Stored dataset items:
..............................

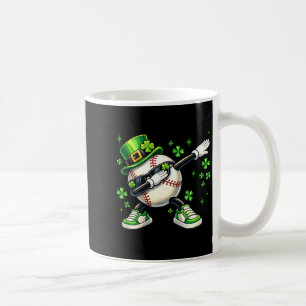 Dabbing shamrock baseball st patrick's day kids bo coffee mug
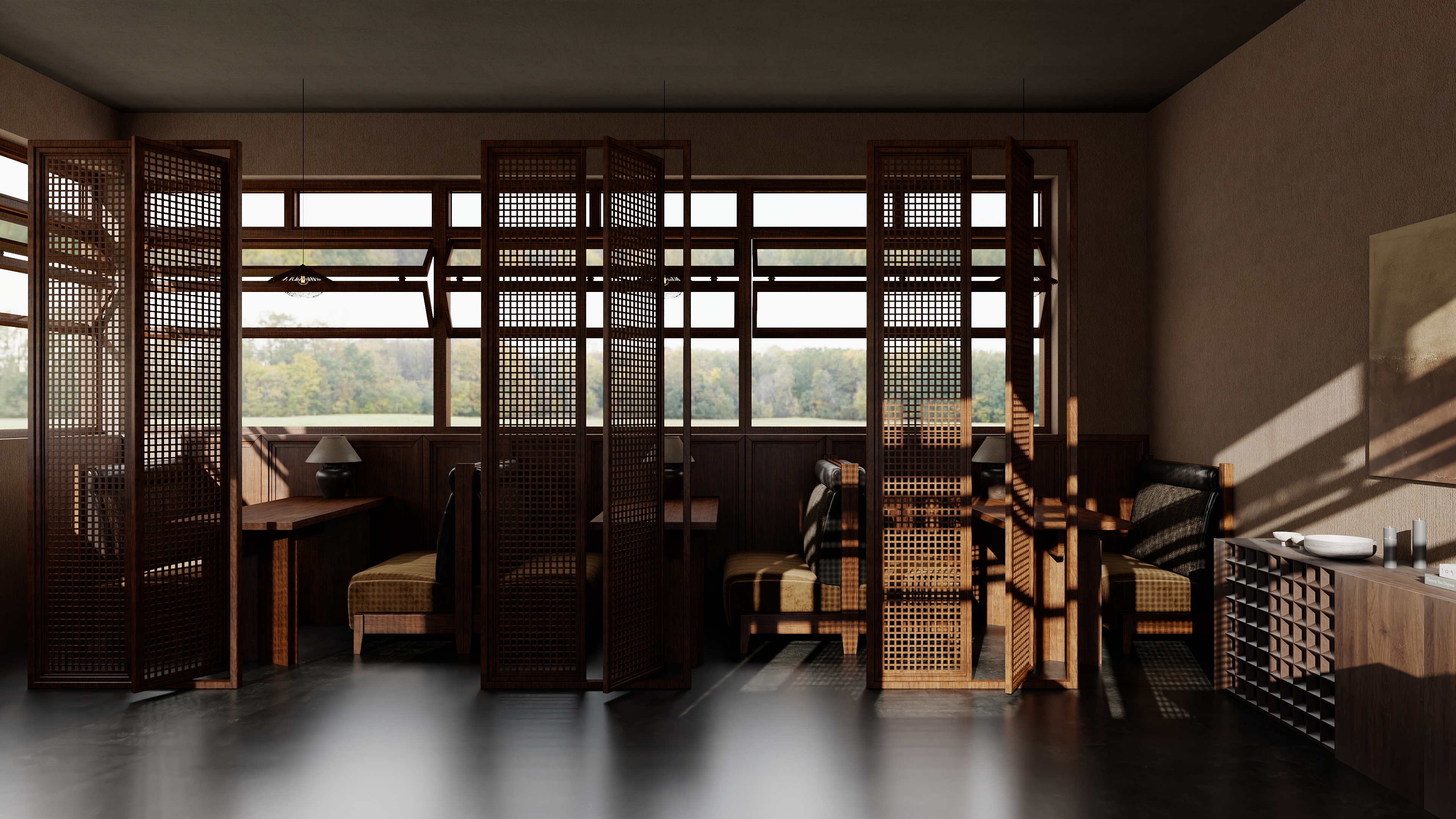 宇辰装饰.小孟-餐厅复古-装修设计方案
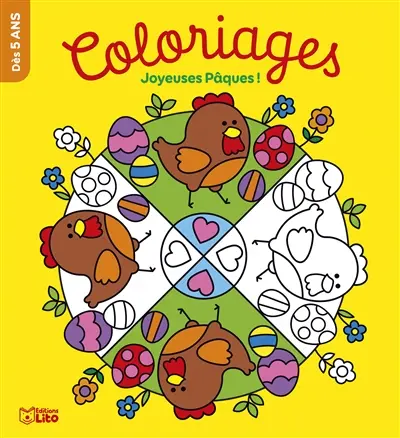 Joyeuses Pâques ! : coloriages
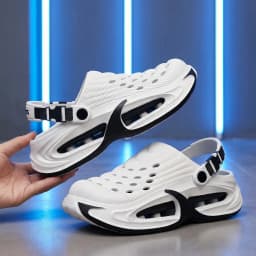 Men's Outdoor Sandals Women's Heeled Fluffy Top Sandals EVA One-Size-Fits-All Summer Beach High-End Flip Flops
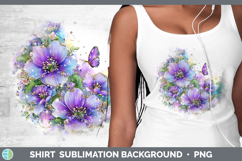 GorgeousFlowers 01 Rainbow Summer Shirt design.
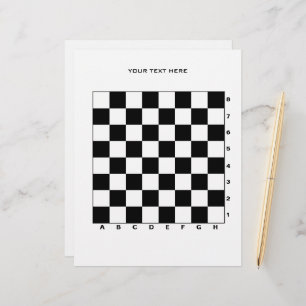 Printable chess board with numbers and letters letterhead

..............................

- **Work task**: Output exactly the lines from the first line of the records through the line containing "GorgeousFlowers 01 Rainbow". Leave out every picture.

- **Solution to this task**:
 Dabbing shamrock baseball st patrick's day kids bo coffee mug
 宇辰装饰.小孟-餐厅复古-装修设计方案
 Joyeuses Pâques ! : coloriages
 Men's Outdoor Sandals Women's Heeled Fluffy Top Sandals EVA One-Size-Fits-All Summer Beach High-End Flip Flops
 GorgeousFlowers 01 Rainbow Summer Shirt design.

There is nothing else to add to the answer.